Webster defines decision as “a choice that you make about something after thinking about it: the result of deciding.”
In healthcare, we should be so lucky to have clear language around terms that are driving clinical care today! Patient engagement and shared decision-making are two terms that are used repeatedly but rarely with a description of what the terms mean or the related expectations for improving outcomes. But we are allocating time and resources to initiatives with these labels and expecting care delivery to be transformed.
Decisions in Care
Sometimes decisions are fun. Facing the yummy selections of homemade gelatos and ice cream at your local deli is a decision filled with anticipation for enjoyment.
Other decisions are not fun. Should I have a PSA test? Will the hip replacement be the answer to my pain and lead to riding my bike again? Then there are the very big decisions surrounding end of life.
Decisions about care for ourselves or for a loved one are not fun, and they require a thoughtful approach for both the patient and clinician. Today we refer to this process as shared decision-making. The origin of this concept is in the early days of evidence-based medicine when Sackett defined a process that is central to engaging patients with key information. According to the Cochrane Community,
“Evidence-based medicine is the conscientious, explicit and judicious use of current best clinical evidence from research.”
And Sackett contends that “it is the integration of best research evidence with clinical expertise and patient values.”
These words provide a powerful core to “patient engagement” if our cultures of care, our work environments, can adapt. But change does not come easily to care delivery. There are significant disruptive forces at play today that are further complicating the ability of clinicians and patients to speak to one another and to listen effectively.
In a Forest but Not Seeing the Trees
As an industry, we are unclear about the intent and the meaning of the terms patient engagement and shared decision-making. Given the variability in perception of the meaning of these terms, we risk time and resources embarking on projects aimed to “engage” and “share decisions” with patients. The external forces to demonstrate improvements in care by applying these concepts are increasing confusion for patients, families, and clinicians.

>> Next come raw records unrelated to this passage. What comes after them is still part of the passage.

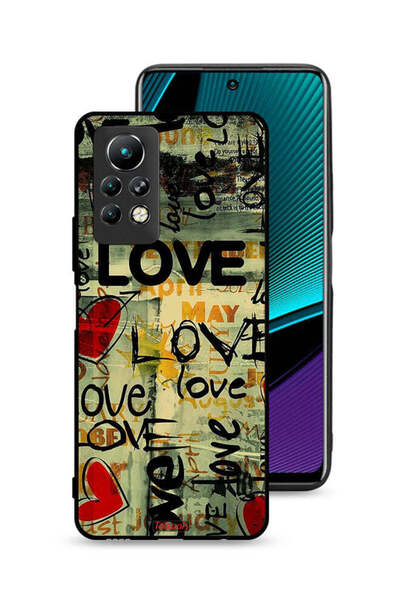 Tolwak غطاء حماية لهاتف Infinix Note 11 Pro مع علامات الحب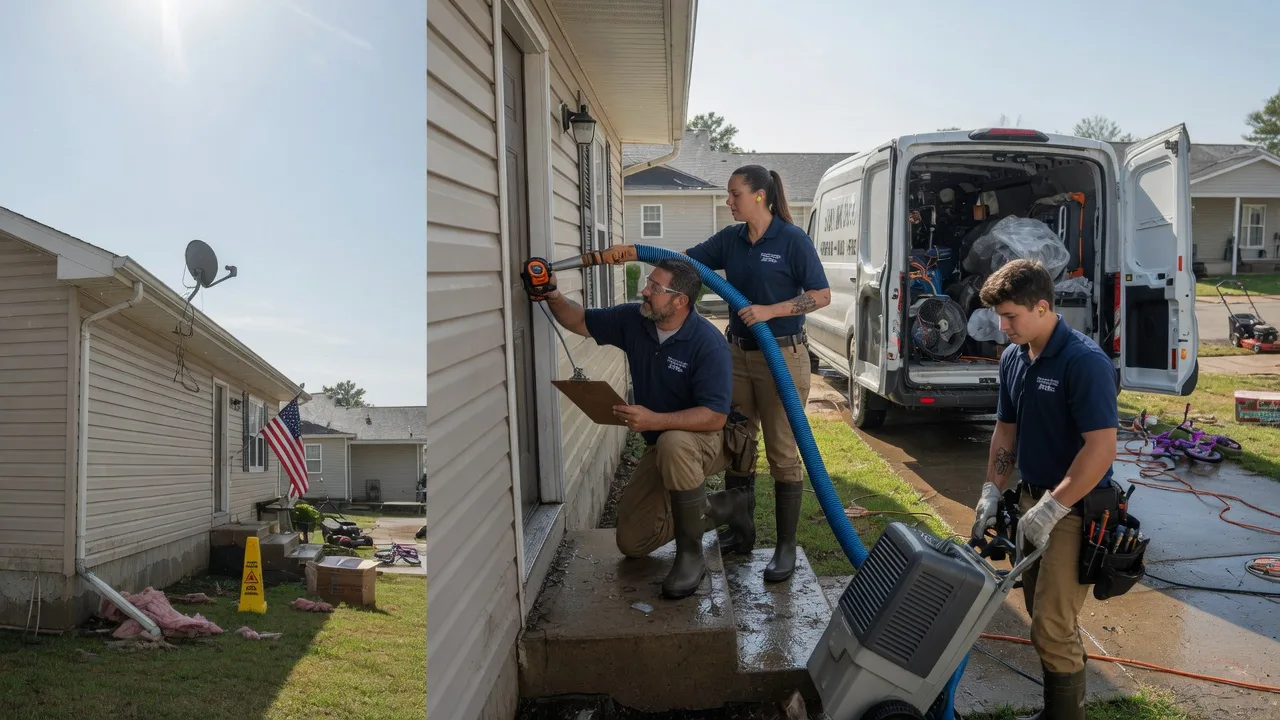 Ceiling Water Damage Restoration in Fort Loudon, PA near me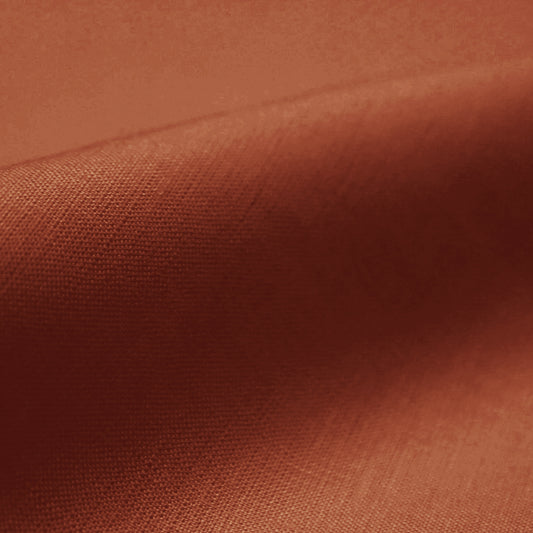 European mid-weight linen woven - rust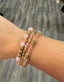 Ornate Cross Charm Bracelet Set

When one organization shows improvement based on application of its varied perceptions how can another organization replicate it? If the industry sees patient engagement as a “blockbuster drug” for healthcare’s ills but there is no clarity around the term, are we setting ourselves up for failure?
Much of industry sees patient engagement as the effective use of technology. As a long-time clinician, this concerns me because it further diminishes the value of the human beings who need our care.
Technology is a tool to aid communication, gather and synthesize key data, and aid transmission of a patient’s clinical data directly to his or her provider. But it is NOT the core of patient engagement, and it certainly is not the heart of shared decision-making.
A Compass to Guide Us Out of the Forest
Fortunately, a recent issue of Critical Care Medicine offers clarity and a framework for what it means to offer shared decision making in ICUs.
“Shared decision making is a collaborative process that allows patients, or their surrogates, and clinicians to make healthcare decisions together, taking into account the best scientific evidence available, as well as the patient’s values, goals, and preferences.”
The authors make a number of recommendations from a practice and ethical basis and one resonates with common sense: “Clinicians should be trained in communication skills.”
Why do we expect communication that includes active listening, good eye contact, and reflective statements for clarification to come naturally? If only quality communication were an inborn trait, there would be much less strife in our lives!